1. Sutras et Chakras : L’Inde donne une leçon d’humanité à la Tech

Pendant que l’Occident et les GAFAM s’écharpent sur des réglementations froides ou paniquent face à des fantasmes de science-fiction, l’Inde a posé un cadre radicalement différent lors du récent India AI Impact Summit 2026. Leurs mots d’ordre ? 3 Sutras (People, Planet, Progress) et 7 Chakras de coopération.

C’est poétique, certes, mais c’est surtout un rappel à l’ordre magistral face à l’arrogance technologique nord-américaine. Le sommet a rappelé que la tech n’a de sens que si elle possède une utilité sociale immédiate.

🔍 Décryptage : Que s’est-il vraiment dit au sommet indien ?

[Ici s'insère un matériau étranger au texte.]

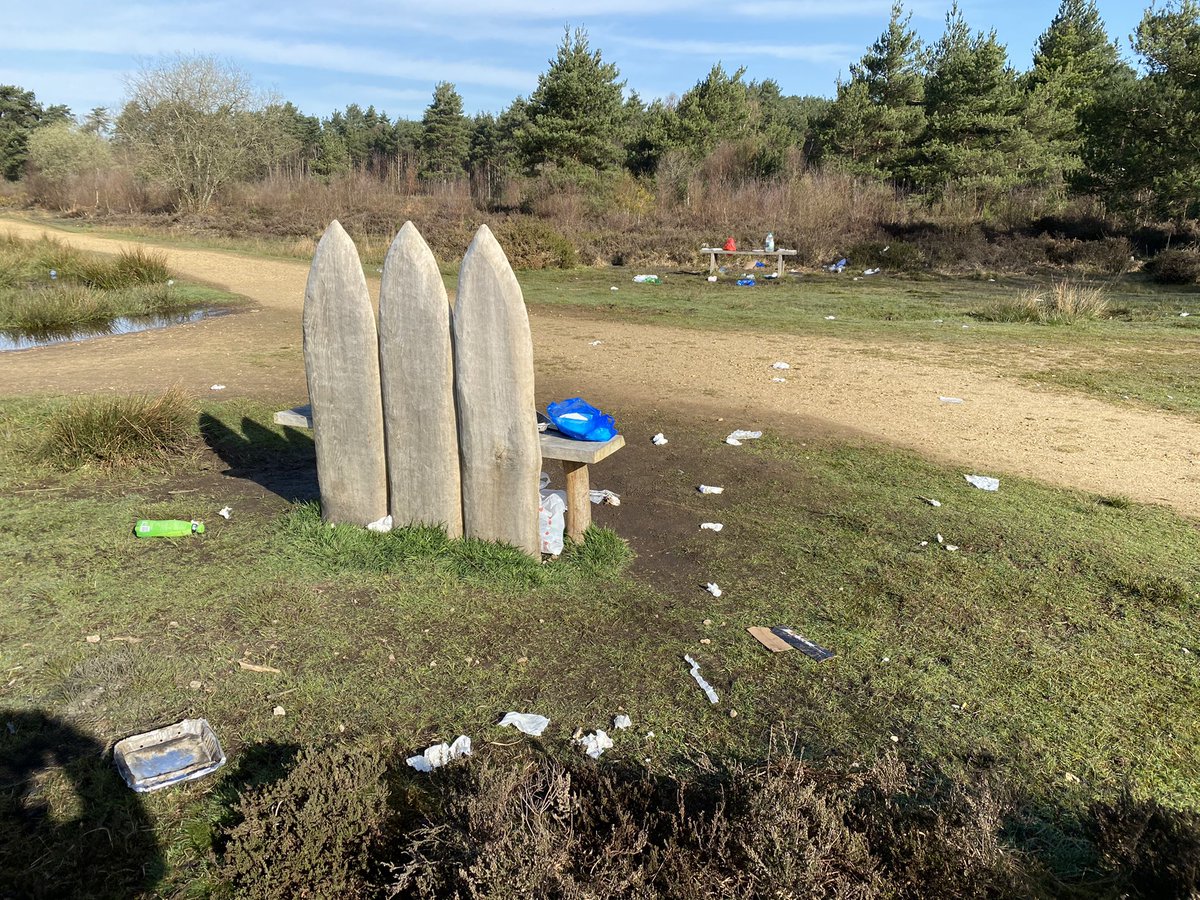 CoLBBSC's tweet photo. Sad to see that some people thought it was ok not just to light BBQs on benches when Stoke Common is at it most vulnerable to fire, but also to leave all their used BBQs, food, plastic bags, wipes and bottles for others to clear away. Not a lot of #lovewhereyoulive going on here! https://t.co/jRaBq4I88I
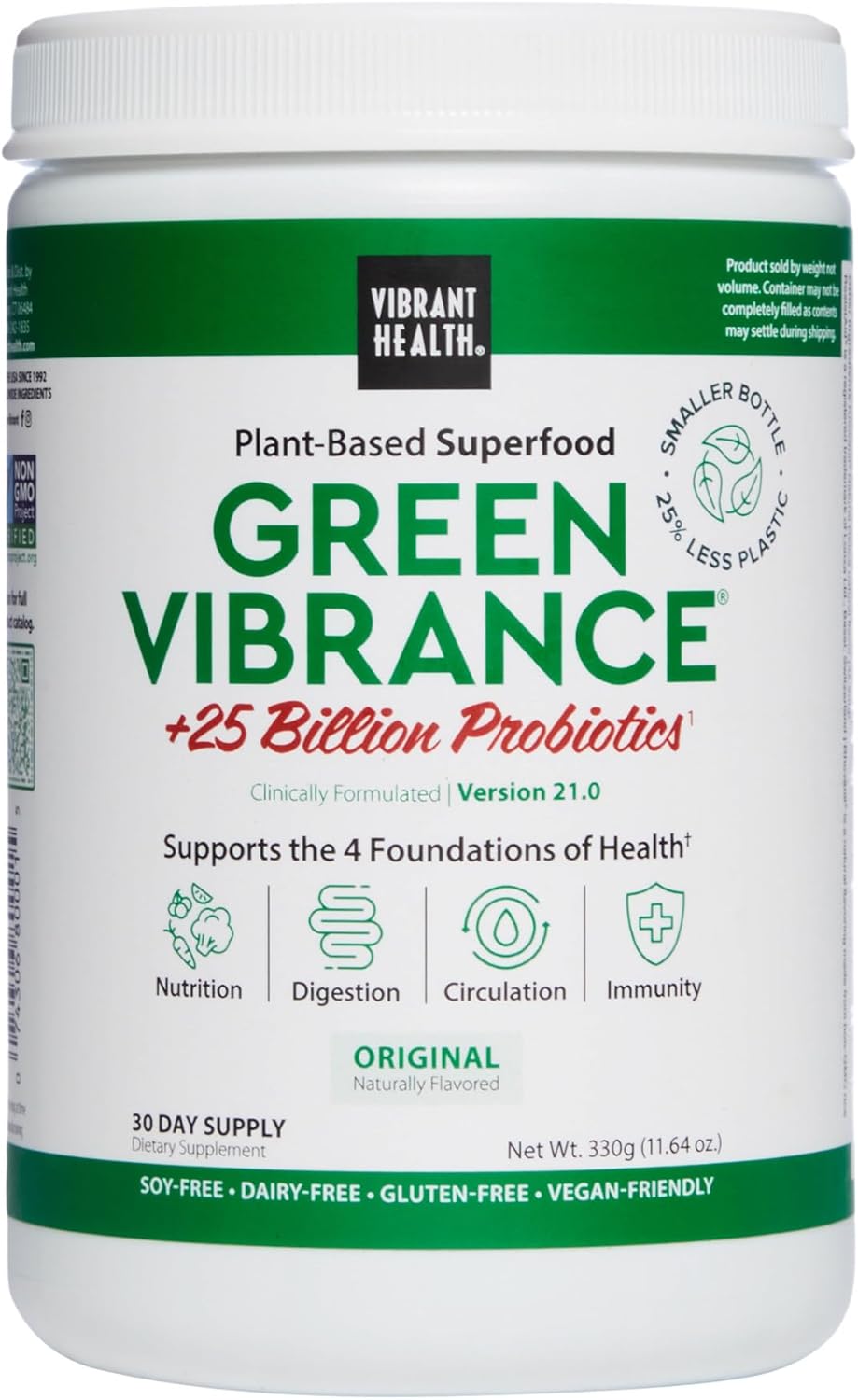 Green Vibrance Superfood Powder with 65 Plant-Based Ingredients
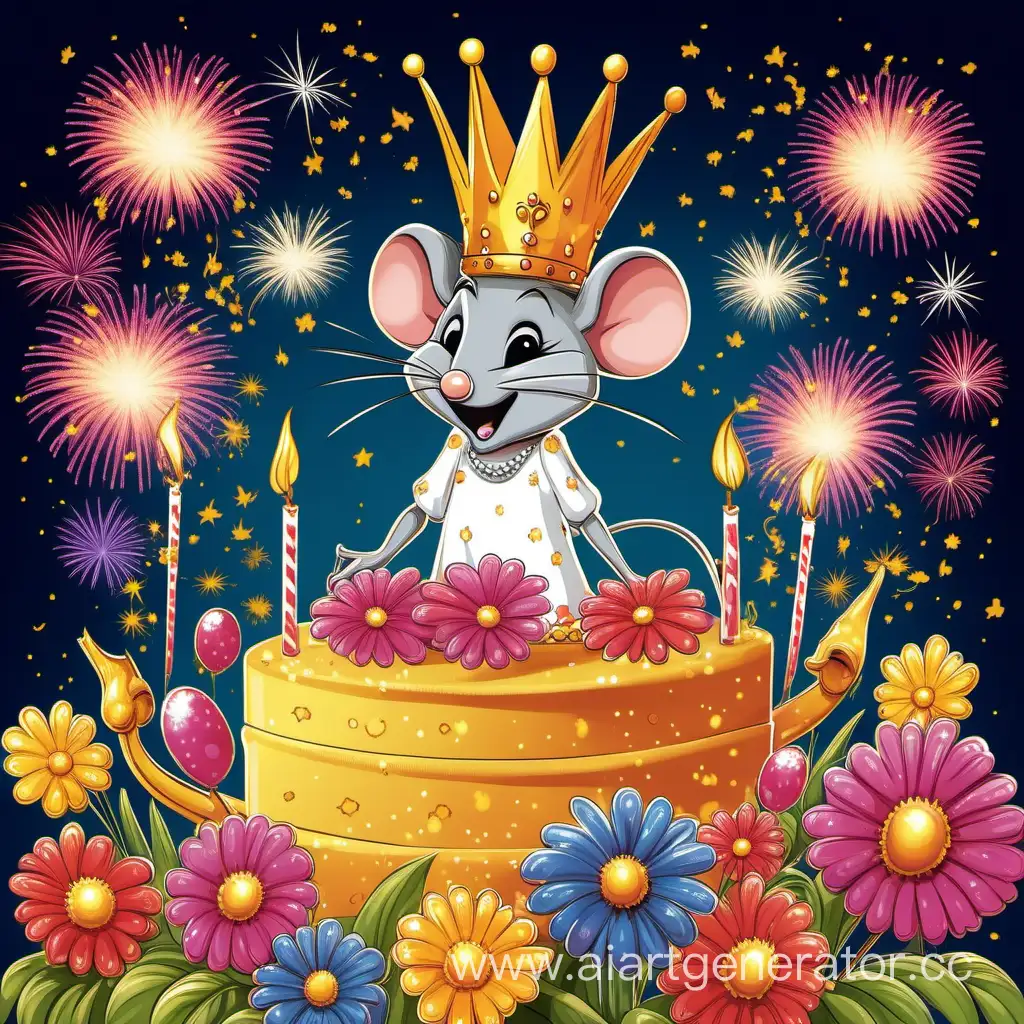 У мышки королевы день рождения вокруг цветы и салют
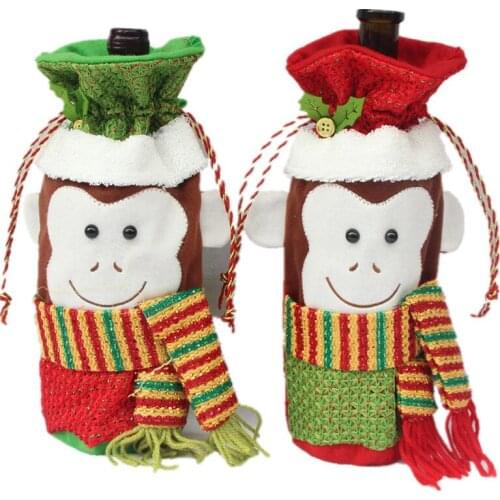 10 pieces/lot) Cute Christmas Cartoon Monkey Red Wine Bottle Cover Bags For Home Decoration Table Dinner Ornaments C015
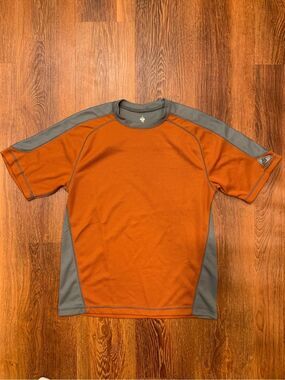 PRANA Men's Breathe Performance Athletic T-Shirt Size M Orange Gray Gorpcore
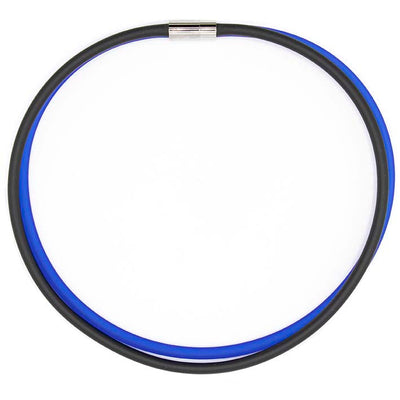 Rubber ketting, 2 lijns,  Zwart/Kobalt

Loin d’être un concept « spirituel » hors sol, le chakra de l’Inclusion abordé à New Delhi a posé une exigence vitale. Lors de son discours, le Premier ministre Narendra Modi a eu cette formule implacable : « Pour l’IA, les humains ne sont que des points de données. Pour éviter qu’ils ne soient réduits à une simple matière première, l’IA doit être démocratisée. Elle doit devenir un moyen d’inclusion et d’autonomisation, en particulier pour les pays du Sud. » Le sommet a ainsi acté le lancement de la vision « MANAV » (« Humain » en sanskrit), exigeant que l’IA agisse comme un multiplicateur social (accessible à tous) et non comme un monopole financier.

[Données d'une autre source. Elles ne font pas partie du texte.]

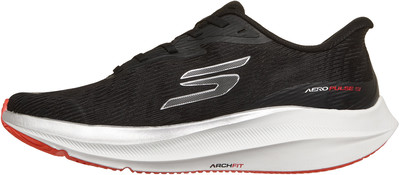 Schwarzer Skechers Laufschuh mit weißer Sohle und roten Akzenten. Schwarzer Skechers Laufschuh mit weißer Sohle und roten Akzenten.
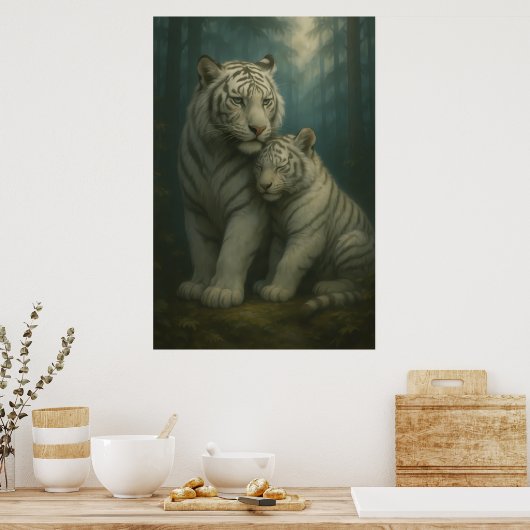 White Tiger – Guardian of Light – ManJiangHong Art Poster (Küche)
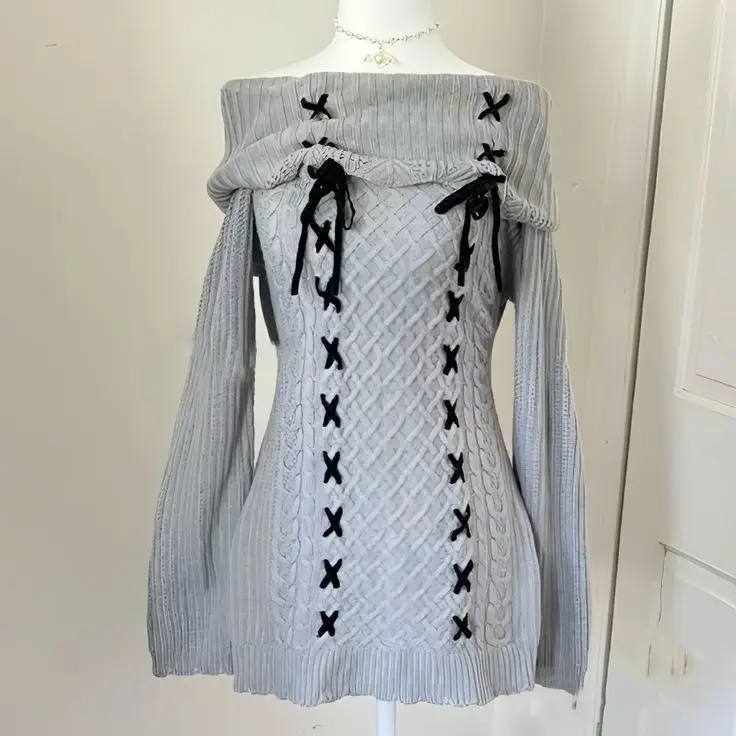 Sweater Dress y2k Clothes Women Solid Color Off Shoulder Long Sleeve Knitted Mini Dress Gothic Party gray Dresses Streetwear Emo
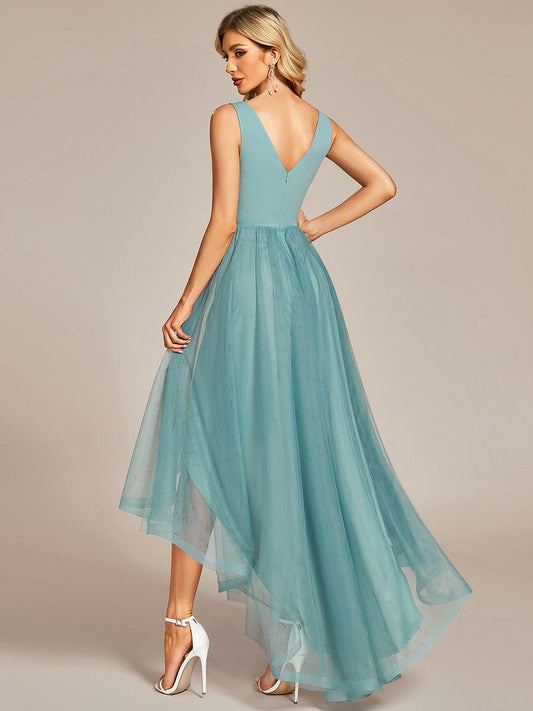 Weitese Sleeveless Tulle High Low Prom Dress with Waist Chain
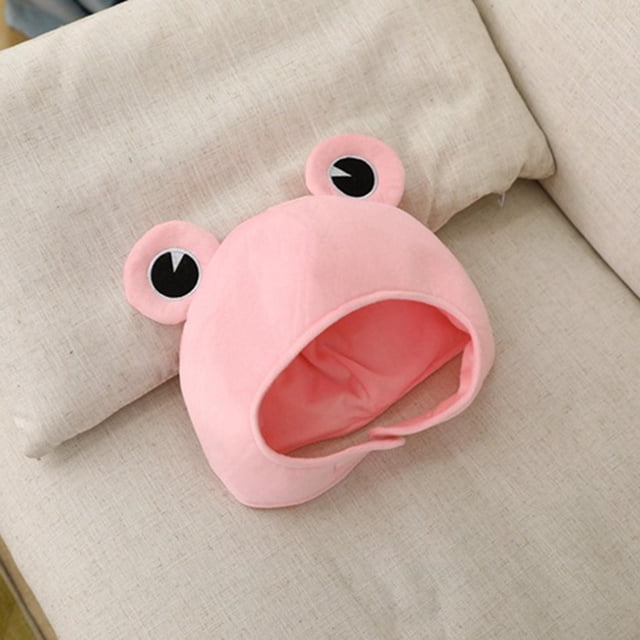 Sombrero de rana de peluche Soledad Disfraz de animal Gorro cálido de Invierno Rosa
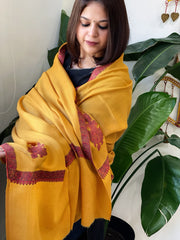 Mustard Woven Pashmina Shawl with Thread Embroidery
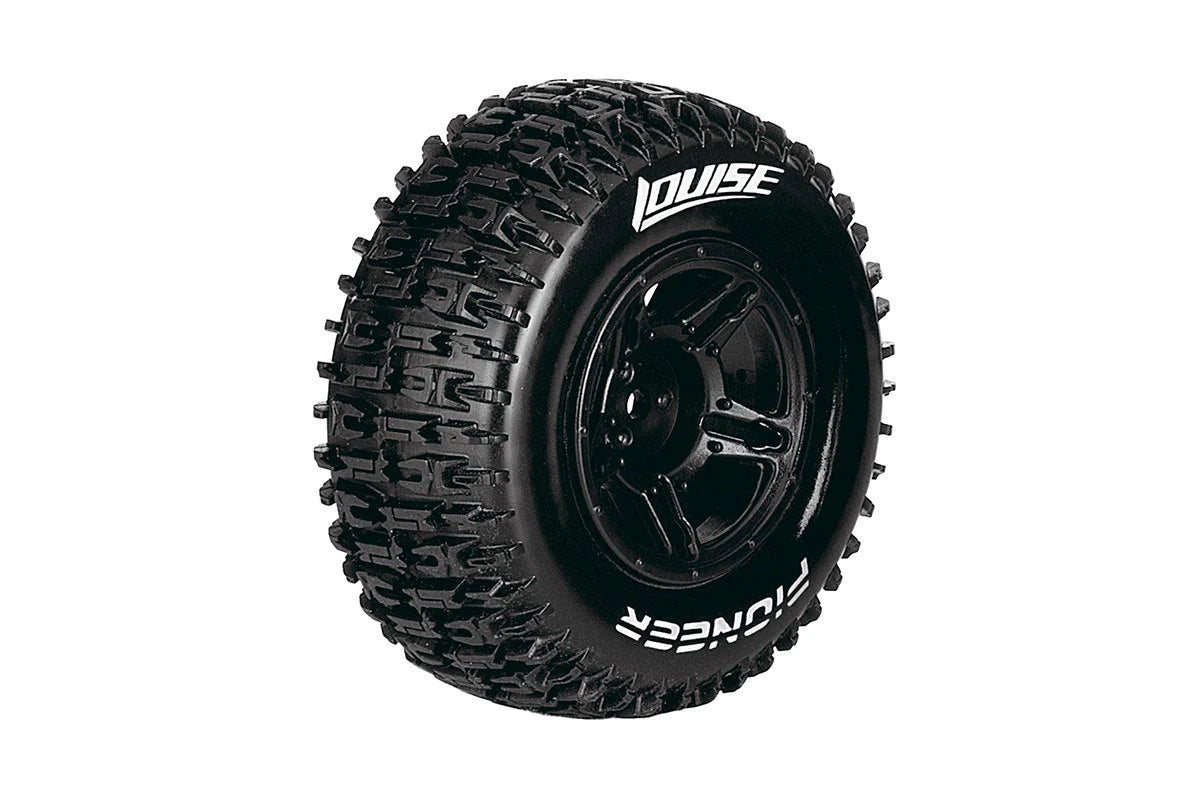 Louise Tires & Wheels 1/10 SC-Pioneer Front Soft Black Hex 12mm (2)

2. La vraie démocratisation : Quand l’outil s’adapte enfin à l’humain

Ce principe de « multiplicateur social » touche précisément le cœur de notre métier de professionnel de l’accompagnement et de la médiation numérique. Pendant des années, la fracture numérique a reposé sur un malentendu : on a exigé de l’humain qu’il s’adapte à la machine. Apprendre à manier une souris, déchiffrer des interfaces hostiles, comprendre la logique d’un code.

L’IA générative renverse cette dynamique historique. Si elle permet à un médiateur numérique de réaliser un court-métrage de blues simplement en dialoguant avec la machine, elle prouve qu’elle peut effacer la barrière de la compétence technique complexe. Pour la première fois de l’histoire informatique, c’est l’outil qui fait l’effort de s’adapter au langage de l’humain, et non l’inverse.

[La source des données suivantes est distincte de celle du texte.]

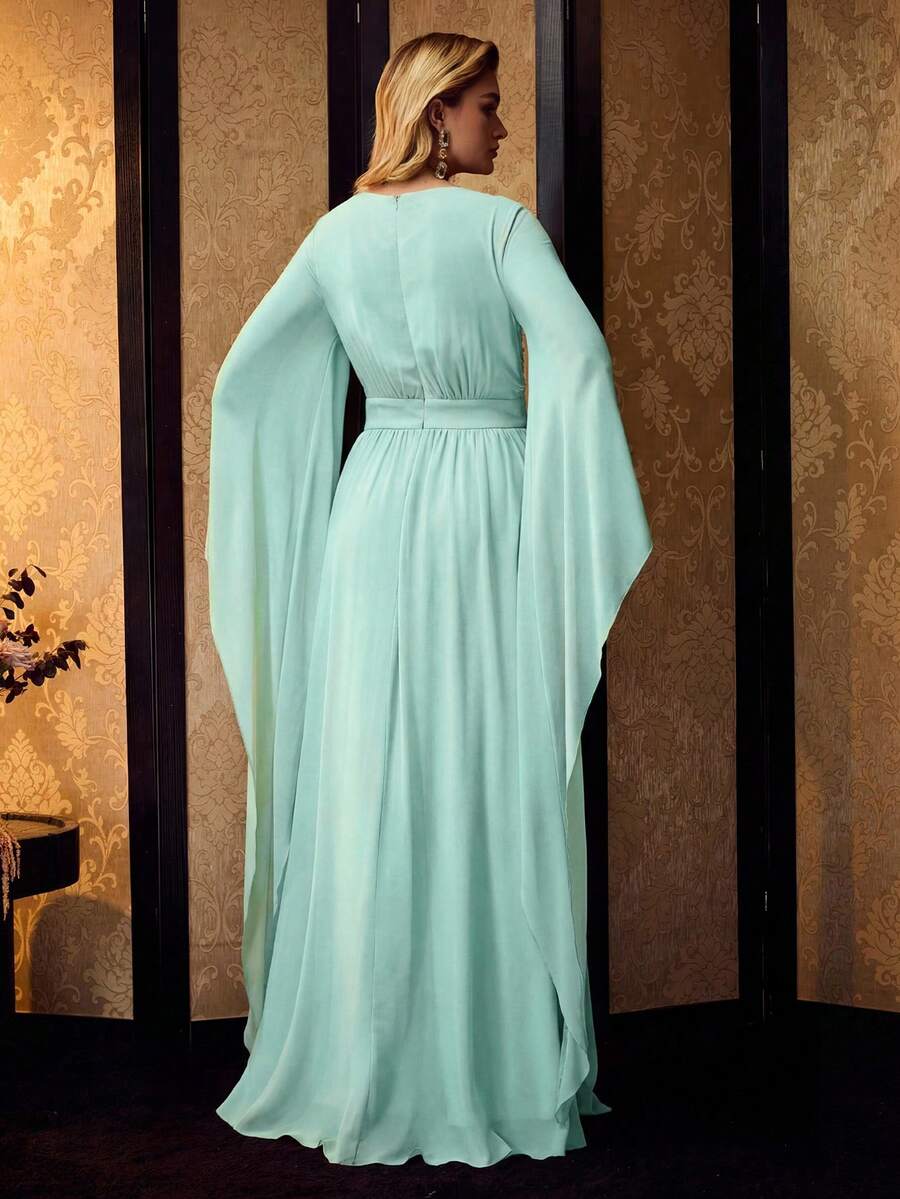 MOTF Soiréza WOMEN'S ELEGANT CHIFFON ROUND NECK ULTRA-LONG SLIT SLEEVE FLOOR-LENGTH PARTY GOWN, IDEAL FOR PARTIES, GALAS & NYE - Green - View 2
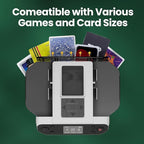 Automatic Card shuffler and Dealer 2-in-1 Machine 2025, 1-12 Player, Rotatable 360°, Remote Card Calling, Ultra Quiet, Rechargeable, for Board Games and Poker, Casino Card, UNO (White)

3. La nouvelle diagonale de l’inclusion : Du Sud Global à nos EPN

L’appel du sommet indien en faveur du « Sud Global » ne résonne nulle part ailleurs avec autant de force que sur le continent africain [Lire l’article sur Bamako]. C’est d’ailleurs là-bas que l’inclusion par l’IA connaît aujourd’hui son leapfrog (saut technologique) le plus spectaculaire, loin de nos débats occidentaux.

Sur le continent africain, l’urgence ne consiste pas à demander à ChatGPT de rédiger des emails d’entreprise plus rapidement. L’urgence prend la forme d’IA vocales entraînées pour comprendre et échanger dans des langues vernaculaires (Wolof, Bambara, Swahili…). Ces modèles transforment un simple smartphone d’entrée de gamme en un hub éducatif, médical ou agricole vital, accessible à des populations qui ne lisent pas un écran classique.

En regardant comment les pays émergents pensent l’inclusion aujourd’hui, on comprend que la résilience numérique ne s’achète pas avec des « chèques numériques ». Elle s’invente sur le terrain, partout où la technologie redevient un outil au service exclusif de l’humain.